« Extraits du corps », le livre fondateur

« J’eus la conviction d’avoir reproduit littéralement des états physiques, et donc mis du corps dans l’écriture et pas seulement de la représentation [1]. »

   Extraits du corps est, selon Bernard Noël, « le titre-manifeste [2] » sous lequel tous ses écrits pourraient être rangés. En 1956, lors d’un mois de janvier glacial, il rédige en une dizaine de nuits cette suite de textes qui constituera la matrice de son œuvre à venir. Il a 25 ans. « J’habitais alors un atelier de sculpteur à peu près vide [3]. Dans l’un des angles, on avait aménagé une petite cuisine de trois mètres carrés maximum, espèce de réduit en planches avec une porte. J’écrivais là, à la chaleur d’un réchaud à gaz sur lequel bouillait de l’eau. J’écrivais dans l’illusion de serrer au plus près des visions organiques dont l’écriture était l’autoscopie [4]. »

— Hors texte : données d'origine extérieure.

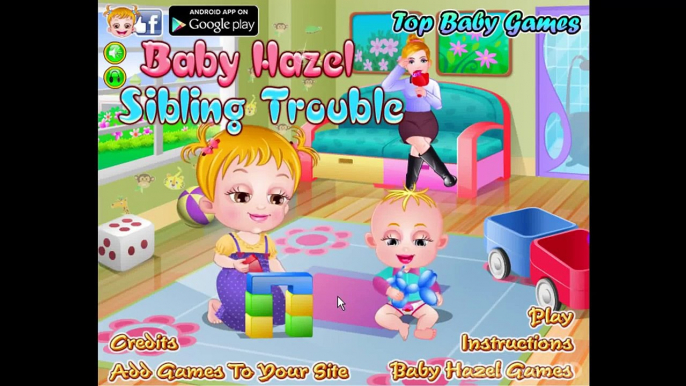 Baby Hazel Babysitting Compilation Baby Games for Kids and Babies Dora The Explorer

   Mu par le désir d’écrire depuis son adolescence, Bernard Noël a jusque-là peiné à trouver sa voie. Voulant s’écarter du surréalisme, il s’est essayé aux romans engagés, dans le style de la littérature d’après-guerre, mais cela ne lui correspond pas. De plus, il a en tête l’affirmation d’Artaud dans Le Pèse-Nerfs : « Toute l’écriture est de la cochonnerie ». Le corps semble lui offrir une possibilité d’écrire inexplorée, comme il l’expliquera à Jean Daive : « Comment faire pour que l’écriture, dont je doutais, devienne un instrument exact ? Disons qu’il y avait à l’arrière de ce livre – qui à l’origine, d’ailleurs, n’était même pas un livre et peut-être même pas un projet de livre – ce besoin qui était censé être le plus véridique et qui était tout simplement mon matériau premier, c’est-à-dire mon corps. Donc expérience, mais au sens le plus direct : tenter de saisir ces petits mouvements qui se passent à l’intérieur de nous. Les saisir et les dire avec le plus d’exactitude possible, pas seulement pour les dire mais aussi pour que les mots qui les diraient soient présents sans aucun doute, puisque tout le langage était douteux. Je pensais que cette observation des mouvements internes rendrait au langage une espèce de vérité première [5].»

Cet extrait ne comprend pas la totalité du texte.